I fixed a lot of 'state machine' bugs, which this panic as, and Scott Long fixed even more before I did. Those changes should have been pushed upstream several years prior to the uname date in this bug report. Since this is on an ARM server, there may be something subtle there due to arm's weaker memory model than amd64 that's causing this. My testing of mpr on aarch64 has been light since we don't use it at $WORK and my aarch64 chassis that I have don't have slots for hard drives... So I've just done bench testing to see that I Can see the disk and do some I/O, but not much beyond that. And of late it's not feasible to redo that bench testing due to changes in the amount of junk I have on my bench.

Out of curiosity: is this a zpool import from a pool that was created on another system? Or was it working fine and then this started happening after some upgrade.

mpr and mps both share a common history, including the state tracking code, so it's not super surprising that this is being hit on both.
Comment 20 Dan Kotowski 2024-04-10 08:58:24 UTC
> Since this is on an ARM server, there may be something subtle there due to arm's weaker memory model than amd64 that's causing this.

I don't know if it's related or not, but PCIe GPUs under Linux DRM can experience weird artifacting and tearing as a result of some sort of memory issue. The fix from the firmware developer was to reorder operations in glibc memcpy.

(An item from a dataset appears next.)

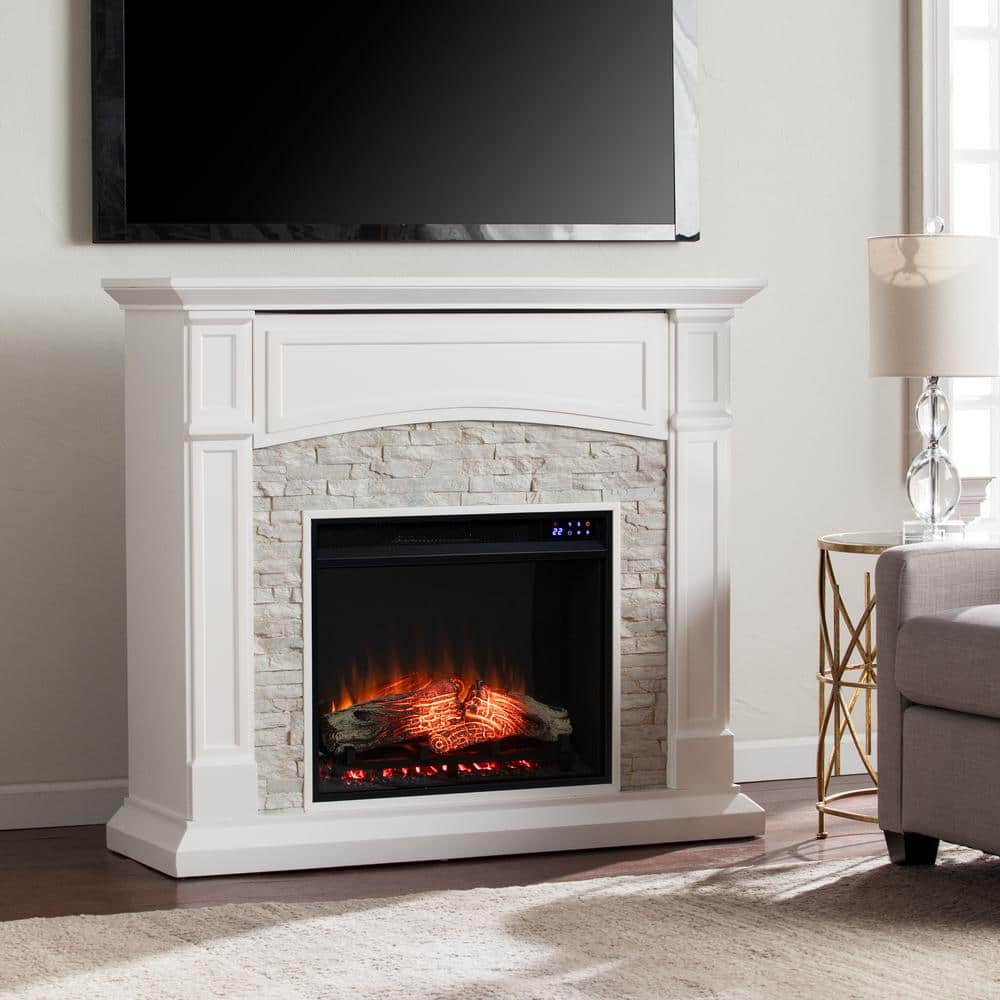 Southern Enterprises Jesha 45.75 in. Touch Panel Electric Fireplace in ...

> Subject: [PATCH] Aarch64: Make memcpy more compatible with device memory
> 
> For normal non-cacheable memory ACE supports 4x128 bit r/w WRAP
> transfers or 1x128 bit r/w INCR transfers.  By re-ordering the
> stp's in memcpy / memmove we can accomodate this better without
> impacting the existing code.
> 
> This fixes an issue seen on multiple Cortex-A72 SOCs when writing
> directly to a PCIe memmapped frame-buffer, which resulted in
> corruption.
https://gist.github.com/jnettlet/f6f8b49bb7c731255c46f541f875f436

Test for framebuffer memcpy bugs:
https://gist.github.com/jnettlet/80f8d09d01c0dc0ffc0122f36ed78de6

Unfortunately I lack the knowledge to know how to build a test util for FreeBSD, but I do wonder if the coherency issue on the bus is impacting my case as well?

Another user in the vendor's Discord channel recently stated that they've been experiencing issues with using 2x NVMe drives off of a SuperMicro bifurcated PCIe-to-NVMe adapter. And I've since been able to replicate the issues using a Linux mdadm mirror as well.

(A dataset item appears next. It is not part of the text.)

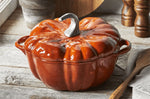 Cocotte Staub citrouille en fonte émaillée orange 24cm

I have not seen panics when testing single drives, only when using pools of 2 or more.

Perhaps it only presents when there are multiple commands issued in parallel?

> is this a zpool import from a pool that was created on another system?

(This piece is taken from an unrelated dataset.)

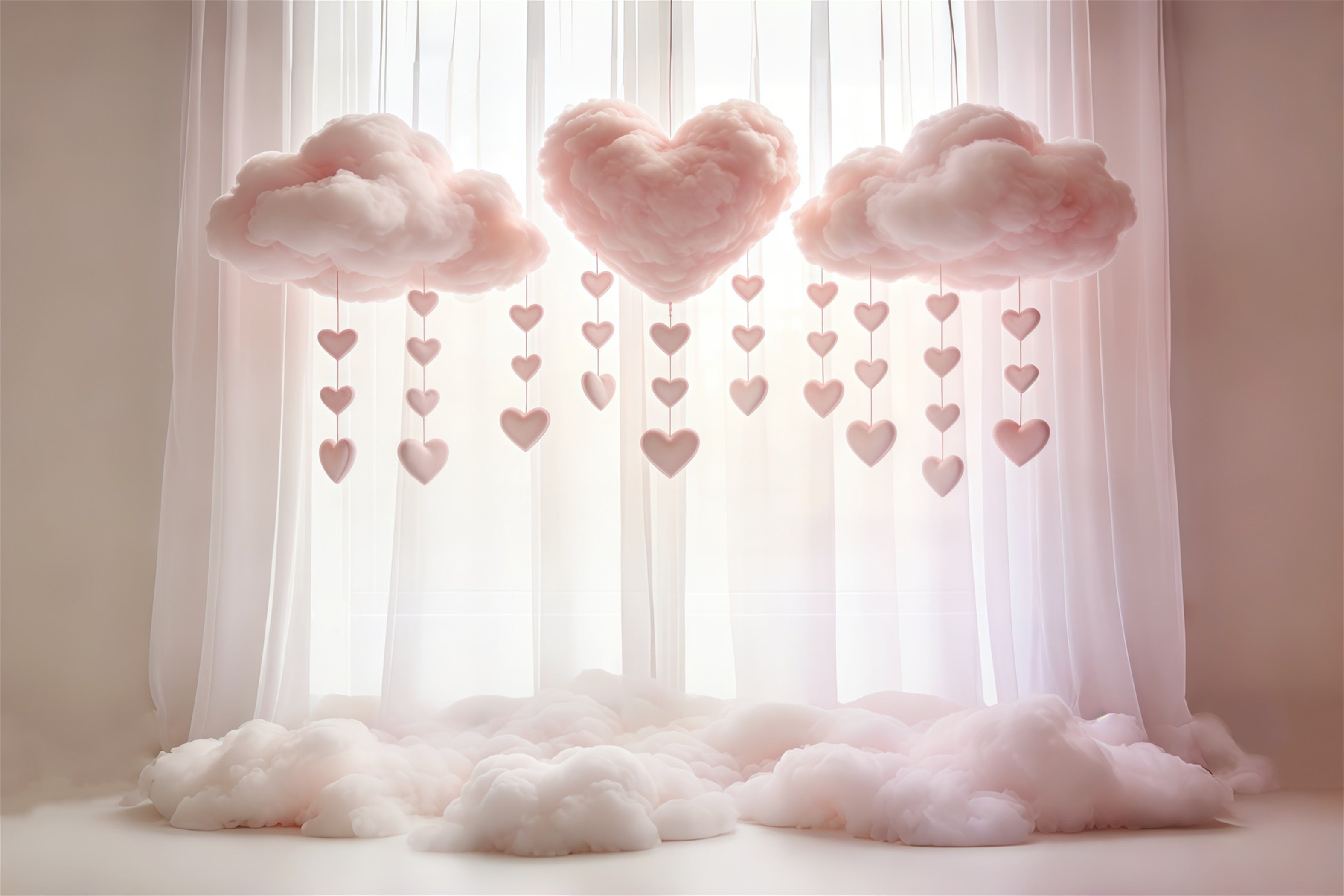 Heart Clouds Dreamy Pink Clouds Curtain Happy Mother's Day Backdrop CSH63-86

I have been able to reproduce with zpools from known-working systems and trying to create new ones as well.
Comment 21 Dan Kotowski 2024-10-10 14:28:55 UTC
An interesting update from Solidrun:

https://developer.arm.com/documentation/ddi0517/f/functional-description/constraints-and-limitations-of-use/axi3-and-axi4-support

> The MMU-500 supports the AXI3 and AXI4 protocols when the sysbardisable_<tbuname> input signal is tied HIGH. In such cases, the following AXI3 features are not supported:
> 
> Write data interleaving
> 
> Write data and write address ordering must be the same, otherwise data corruption can occur.

NXP pulls this high in their PBI code. Could write-interleaving enablement be a sysctl?
Comment 22 Dan Kotowski 2024-10-29 06:54:12 UTC
Another recent note from Solidrun's chief systems architect:

> The way that the Cortex-A72 cores do gathering is an undefinied behaviour in the PCIe spec, and since AXI / ACE / CHI don't know about the gathering memory property (it is part of the Arm core design) it causes inconsistencies.